**Input**
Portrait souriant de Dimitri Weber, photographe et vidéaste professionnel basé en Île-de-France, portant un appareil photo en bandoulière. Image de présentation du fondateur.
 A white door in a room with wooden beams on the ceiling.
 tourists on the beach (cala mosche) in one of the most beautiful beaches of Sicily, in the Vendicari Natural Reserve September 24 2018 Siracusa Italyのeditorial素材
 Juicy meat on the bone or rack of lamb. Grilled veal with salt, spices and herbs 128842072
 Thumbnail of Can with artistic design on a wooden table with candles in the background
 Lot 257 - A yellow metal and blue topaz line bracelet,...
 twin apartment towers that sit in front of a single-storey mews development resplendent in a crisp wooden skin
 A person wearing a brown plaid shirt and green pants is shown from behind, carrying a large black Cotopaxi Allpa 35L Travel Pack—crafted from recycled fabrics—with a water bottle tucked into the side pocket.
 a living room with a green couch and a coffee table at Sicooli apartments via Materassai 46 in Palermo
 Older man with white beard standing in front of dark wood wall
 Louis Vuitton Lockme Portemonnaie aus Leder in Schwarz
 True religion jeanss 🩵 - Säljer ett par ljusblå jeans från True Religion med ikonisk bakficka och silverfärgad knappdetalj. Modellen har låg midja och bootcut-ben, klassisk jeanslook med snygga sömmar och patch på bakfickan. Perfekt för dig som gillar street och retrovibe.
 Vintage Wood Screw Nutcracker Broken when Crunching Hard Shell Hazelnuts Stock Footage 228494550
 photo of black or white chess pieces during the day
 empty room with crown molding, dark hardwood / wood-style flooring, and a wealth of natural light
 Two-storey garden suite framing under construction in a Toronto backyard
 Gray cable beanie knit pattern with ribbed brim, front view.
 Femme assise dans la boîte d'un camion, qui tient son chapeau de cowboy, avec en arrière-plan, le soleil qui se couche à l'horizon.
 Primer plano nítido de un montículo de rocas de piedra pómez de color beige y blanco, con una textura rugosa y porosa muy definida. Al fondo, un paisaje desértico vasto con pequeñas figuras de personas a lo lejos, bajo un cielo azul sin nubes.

**Work item**
Tally how many lines of the material contain the word "table". The answer must be the number and nothing else.

**Your solution**
2